Send back the line that contains "Peugeot 3008 iii" and all lines following it through the end of the data below, exactly, omitting pictures.

Segment Start: Raw data

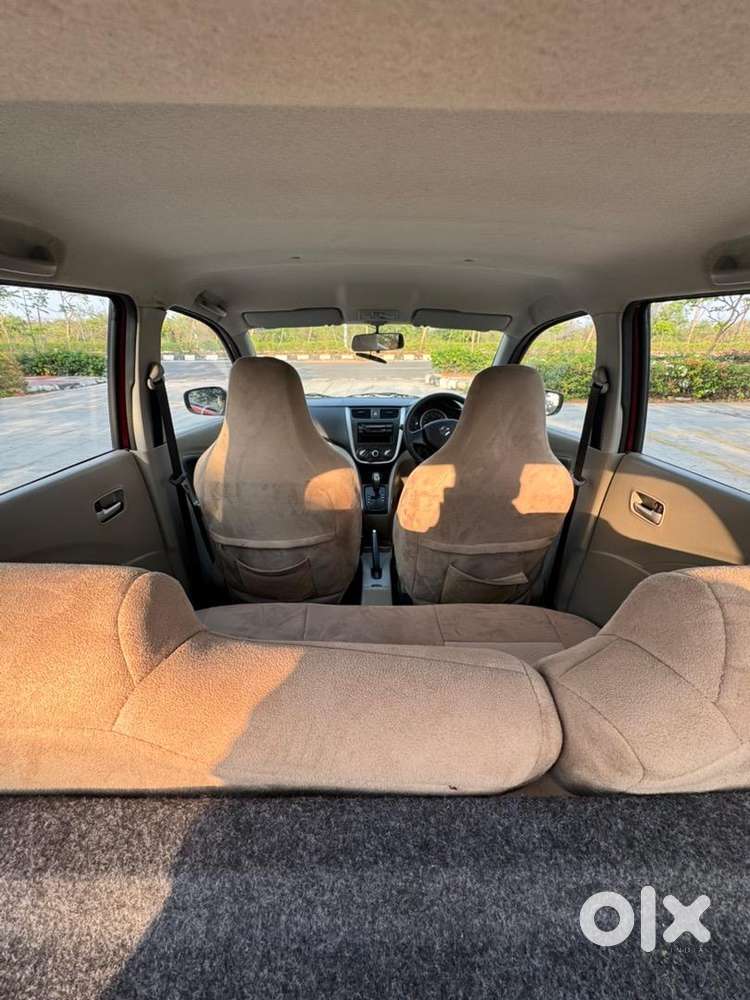 Maruti Suzuki Celerio Automatic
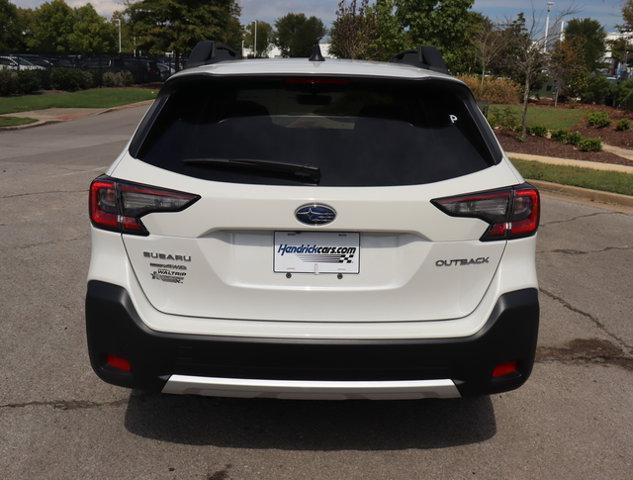 new 2025 Subaru Outback car, priced at $40,460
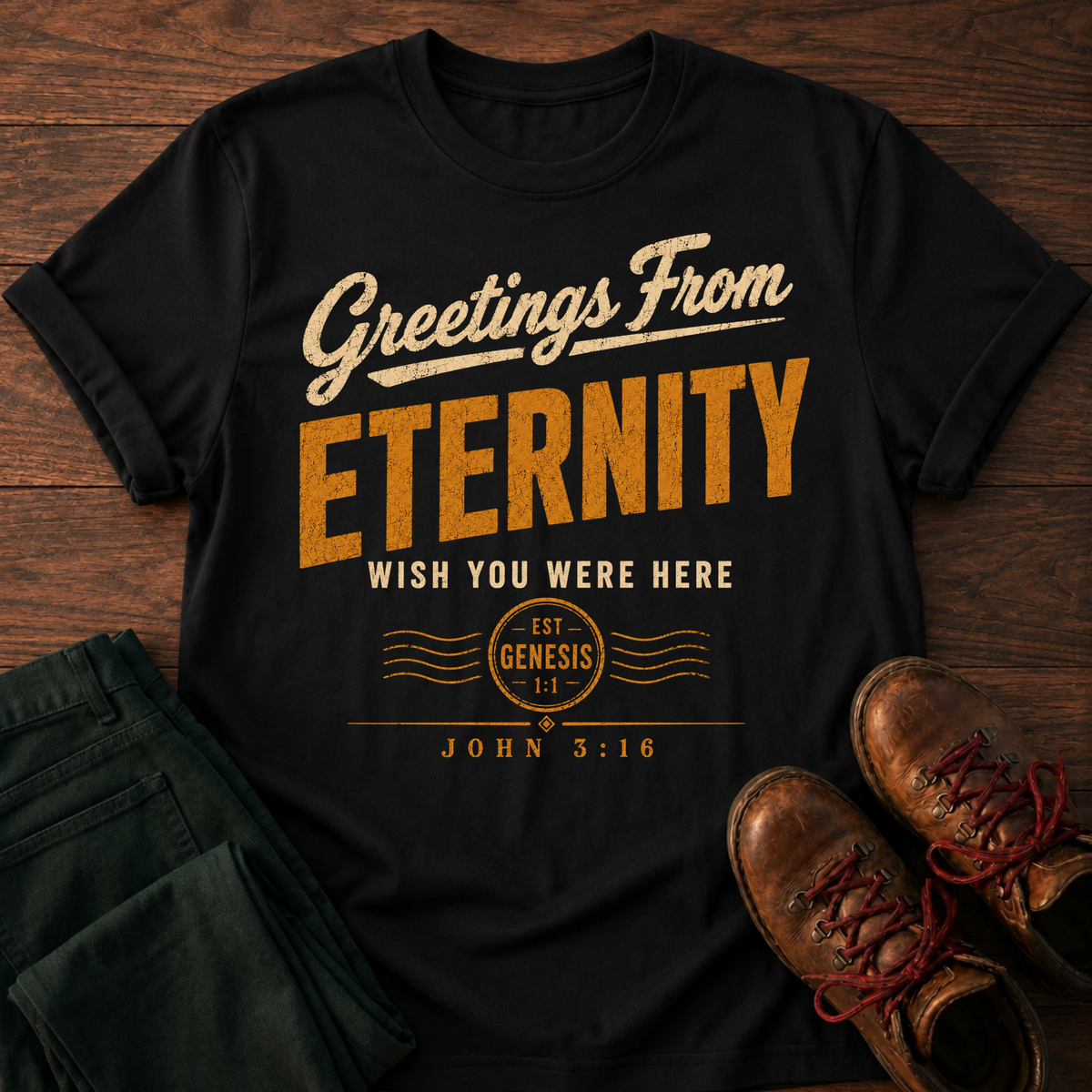 Eternity T-Shirt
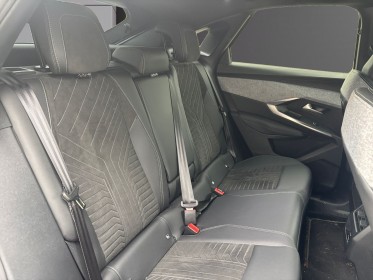 Peugeot 3008 iii gt hybrid 136 e-dcs6 - camÉra 360 - hayon Électrique - garantie constructeur 10/2026 occasion simplicicar...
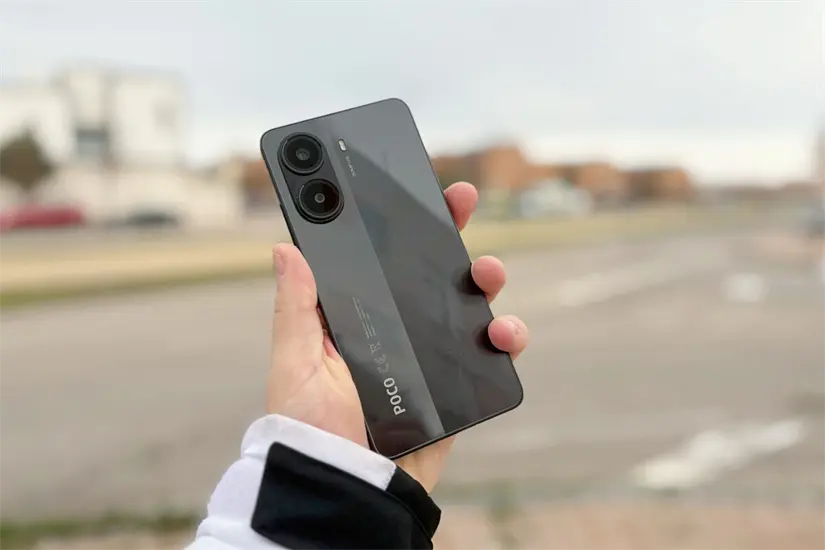 POCO X7 Pro. Foto: Cortesía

Segment End: Raw data

Answer space
 Peugeot 3008 iii gt hybrid 136 e-dcs6 - camÉra 360 - hayon Électrique - garantie constructeur 10/2026 occasion simplicicar...
 POCO X7 Pro. Foto: Cortesía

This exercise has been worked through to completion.